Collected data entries
_____

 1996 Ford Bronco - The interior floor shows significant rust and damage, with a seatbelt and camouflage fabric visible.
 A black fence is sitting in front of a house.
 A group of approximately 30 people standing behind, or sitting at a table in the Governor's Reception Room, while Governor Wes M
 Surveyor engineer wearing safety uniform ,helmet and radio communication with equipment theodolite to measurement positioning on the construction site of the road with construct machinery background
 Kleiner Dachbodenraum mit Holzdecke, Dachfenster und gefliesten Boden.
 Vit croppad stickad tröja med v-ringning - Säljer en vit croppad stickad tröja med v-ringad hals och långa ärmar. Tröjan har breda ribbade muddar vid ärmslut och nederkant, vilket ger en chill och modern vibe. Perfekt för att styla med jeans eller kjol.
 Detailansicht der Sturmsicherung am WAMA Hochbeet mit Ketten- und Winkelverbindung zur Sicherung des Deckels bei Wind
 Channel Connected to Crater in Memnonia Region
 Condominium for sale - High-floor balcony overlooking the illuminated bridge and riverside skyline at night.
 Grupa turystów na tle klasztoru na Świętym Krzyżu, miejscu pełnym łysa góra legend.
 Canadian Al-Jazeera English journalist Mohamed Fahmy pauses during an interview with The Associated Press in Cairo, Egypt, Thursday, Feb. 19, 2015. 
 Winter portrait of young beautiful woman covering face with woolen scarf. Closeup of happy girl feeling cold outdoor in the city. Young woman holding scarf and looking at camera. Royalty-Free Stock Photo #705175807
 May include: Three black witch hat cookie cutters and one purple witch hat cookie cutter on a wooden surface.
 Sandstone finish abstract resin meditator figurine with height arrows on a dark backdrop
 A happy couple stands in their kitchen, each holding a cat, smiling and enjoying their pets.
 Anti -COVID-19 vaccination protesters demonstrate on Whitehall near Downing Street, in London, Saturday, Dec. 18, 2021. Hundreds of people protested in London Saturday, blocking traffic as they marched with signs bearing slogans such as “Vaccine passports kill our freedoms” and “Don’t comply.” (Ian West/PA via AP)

_____

» TASK ITEM:
Reproduce each record exactly as written above.

» EXERCISE RESPONSE:
 1996 Ford Bronco - The interior floor shows significant rust and damage, with a seatbelt and camouflage fabric visible.
 A black fence is sitting in front of a house.
 A group of approximately 30 people standing behind, or sitting at a table in the Governor's Reception Room, while Governor Wes M
 Surveyor engineer wearing safety uniform ,helmet and radio communication with equipment theodolite to measurement positioning on the construction site of the road with construct machinery background
 Kleiner Dachbodenraum mit Holzdecke, Dachfenster und gefliesten Boden.
 Vit croppad stickad tröja med v-ringning - Säljer en vit croppad stickad tröja med v-ringad hals och långa ärmar. Tröjan har breda ribbade muddar vid ärmslut och nederkant, vilket ger en chill och modern vibe. Perfekt för att styla med jeans eller kjol.
 Detailansicht der Sturmsicherung am WAMA Hochbeet mit Ketten- und Winkelverbindung zur Sicherung des Deckels bei Wind
 Channel Connected to Crater in Memnonia Region
 Condominium for sale - High-floor balcony overlooking the illuminated bridge and riverside skyline at night.
 Grupa turystów na tle klasztoru na Świętym Krzyżu, miejscu pełnym łysa góra legend.
 Canadian Al-Jazeera English journalist Mohamed Fahmy pauses during an interview with The Associated Press in Cairo, Egypt, Thursday, Feb. 19, 2015. 
 Winter portrait of young beautiful woman covering face with woolen scarf. Closeup of happy girl feeling cold outdoor in the city. Young woman holding scarf and looking at camera. Royalty-Free Stock Photo #705175807
 May include: Three black witch hat cookie cutters and one purple witch hat cookie cutter on a wooden surface.
 Sandstone finish abstract resin meditator figurine with height arrows on a dark backdrop
 A happy couple stands in their kitchen, each holding a cat, smiling and enjoying their pets.
 Anti -COVID-19 vaccination protesters demonstrate on Whitehall near Downing Street, in London, Saturday, Dec. 18, 2021. Hundreds of people protested in London Saturday, blocking traffic as they marched with signs bearing slogans such as “Vaccine passports kill our freedoms” and “Don’t comply.” (Ian West/PA via AP)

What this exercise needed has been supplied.